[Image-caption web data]
[Start of Attachment]

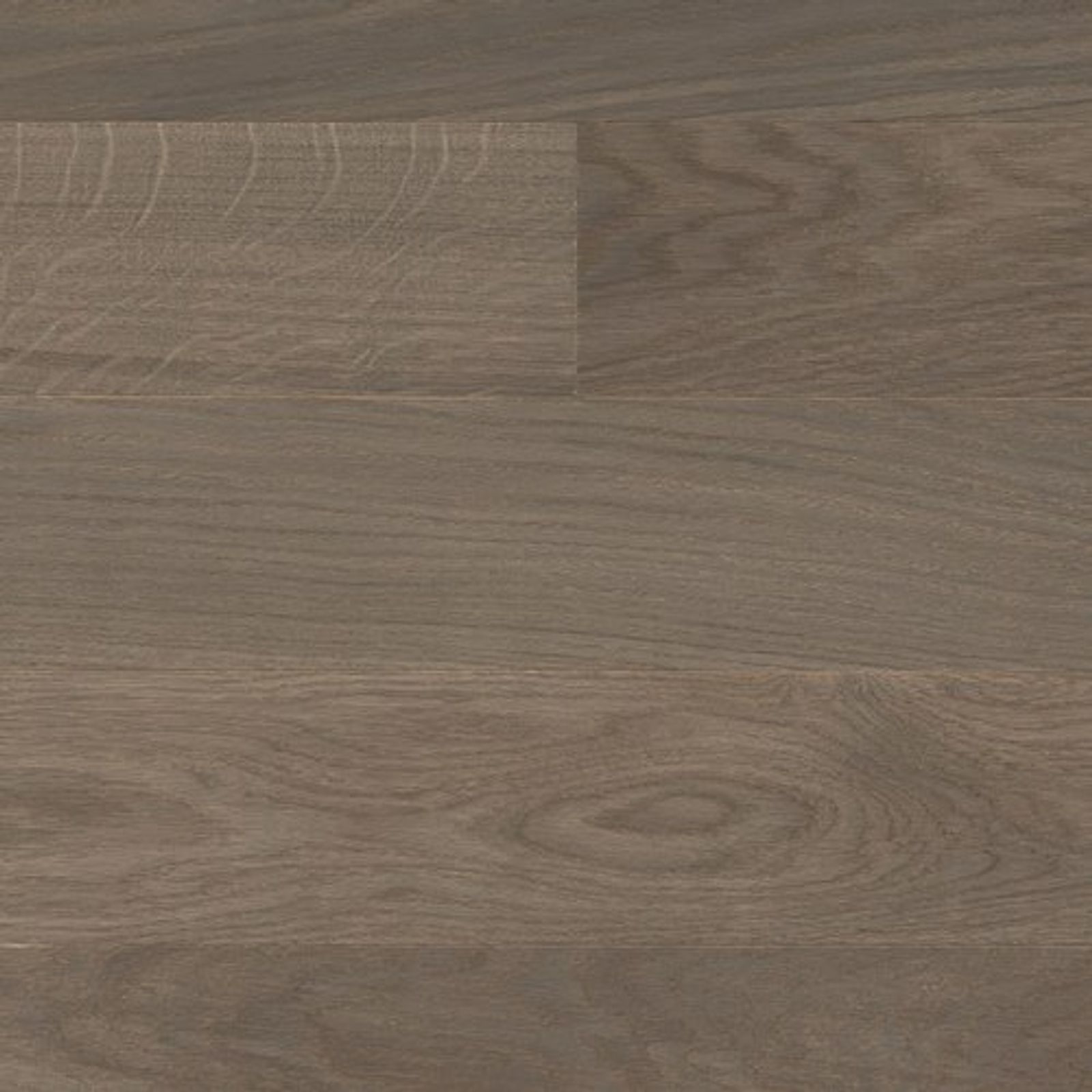 productimage-v86c0a87657.jpg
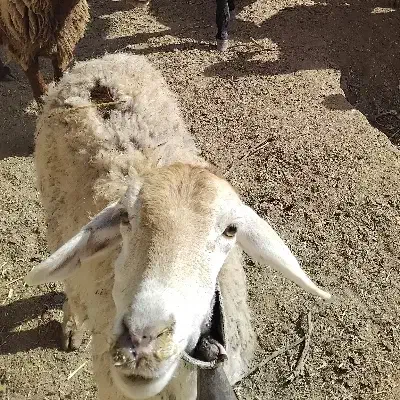 گوسفند|حیوانات مزرعه|تربت جام, جامرود|دیوار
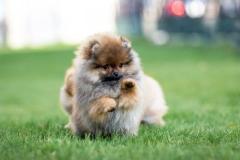 German spitz (померанский шпиц)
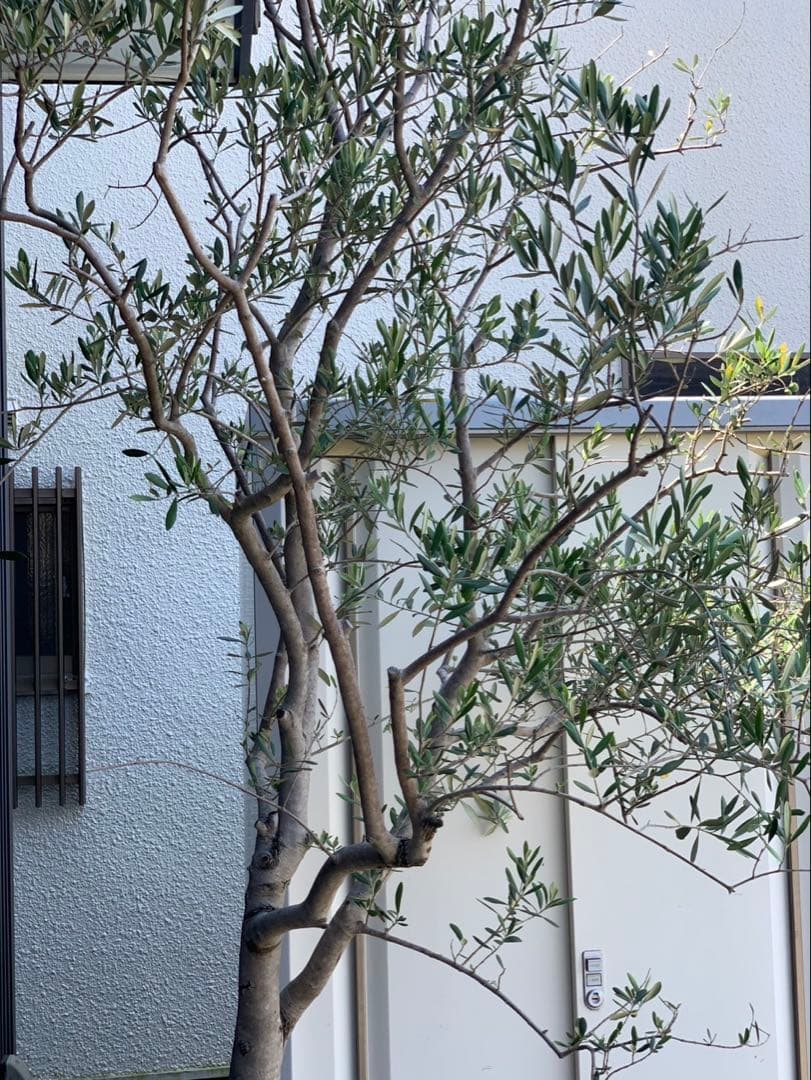 (引取り限定)オリーブの木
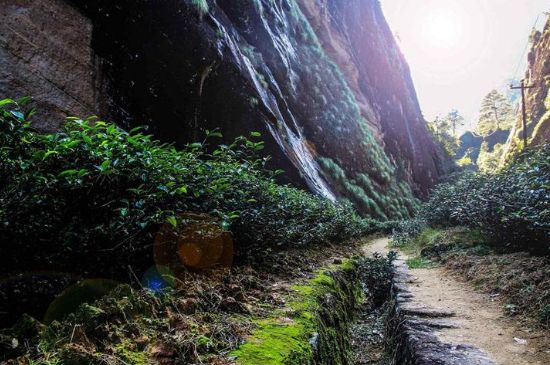 肉桂茶和大紅袍哪個(gè)貴，武夷山肉桂與大紅袍的價(jià)格比較
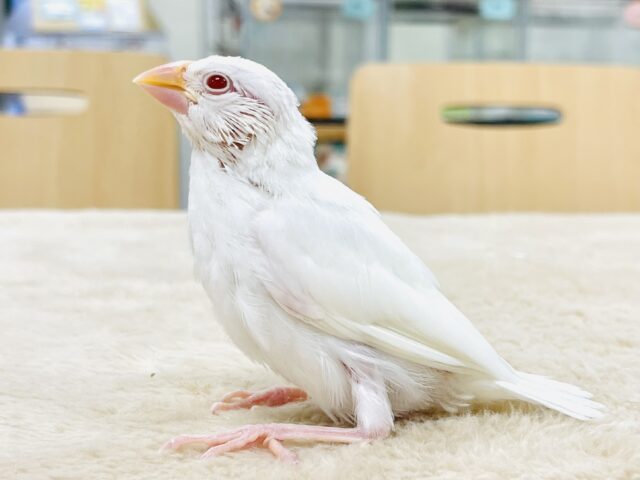 アルビノ文鳥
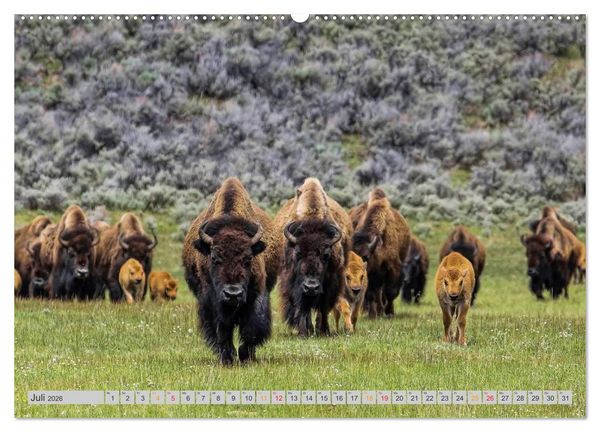 Produktbild: Bison und Wisent - Riesen mit unb&auml;ndiger Kraft (hochwertiger Premium Wandkalender 2026 DIN A2 quer), Kunstdruck in Hochglanz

[End of Attachment]

[Task brief]
Your output should consist solely of the lines from the line containing "肉桂茶和大紅袍哪個(gè)貴，武夷山肉桂與大紅袍的價(jià)格比較" through the last line of the entries, verbatim, minus any pictures.

[Response]
 肉桂茶和大紅袍哪個(gè)貴，武夷山肉桂與大紅袍的價(jià)格比較
 アルビノ文鳥
 Produktbild: Bison und Wisent - Riesen mit unb&auml;ndiger Kraft (hochwertiger Premium Wandkalender 2026 DIN A2 quer), Kunstdruck in Hochglanz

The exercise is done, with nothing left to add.